▶ **Given material**:
###

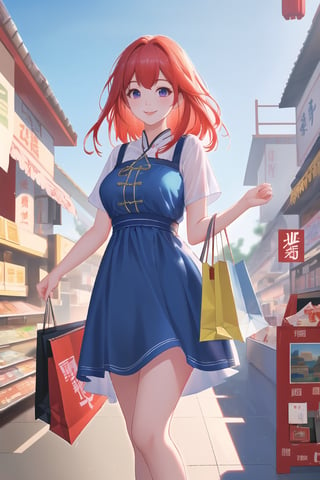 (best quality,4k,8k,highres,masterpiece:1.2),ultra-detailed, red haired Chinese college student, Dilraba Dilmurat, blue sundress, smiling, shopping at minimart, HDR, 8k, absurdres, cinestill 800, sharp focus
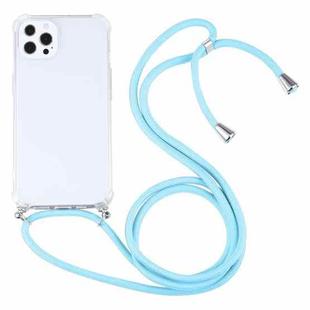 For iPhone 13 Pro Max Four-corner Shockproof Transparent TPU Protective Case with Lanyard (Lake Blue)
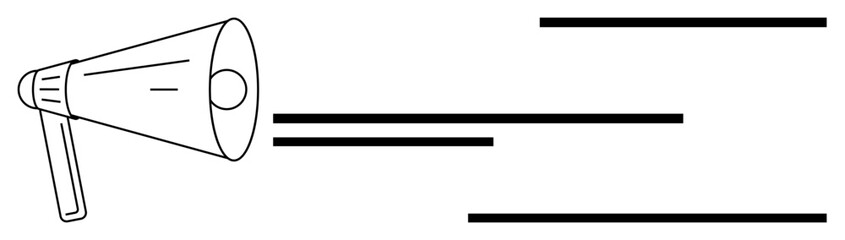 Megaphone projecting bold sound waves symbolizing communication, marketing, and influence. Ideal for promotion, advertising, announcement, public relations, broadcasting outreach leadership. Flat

###

▶ **Exercise brief**: Please repeat, exactly as written, only the lines from the line with "For iPhone 13" to the end of the data, leaving out every picture.

▶ **Solution to the exercise**:
 For iPhone 13 Pro Max Four-corner Shockproof Transparent TPU Protective Case with Lanyard (Lake Blue)
 Megaphone projecting bold sound waves symbolizing communication, marketing, and influence. Ideal for promotion, advertising, announcement, public relations, broadcasting outreach leadership. Flat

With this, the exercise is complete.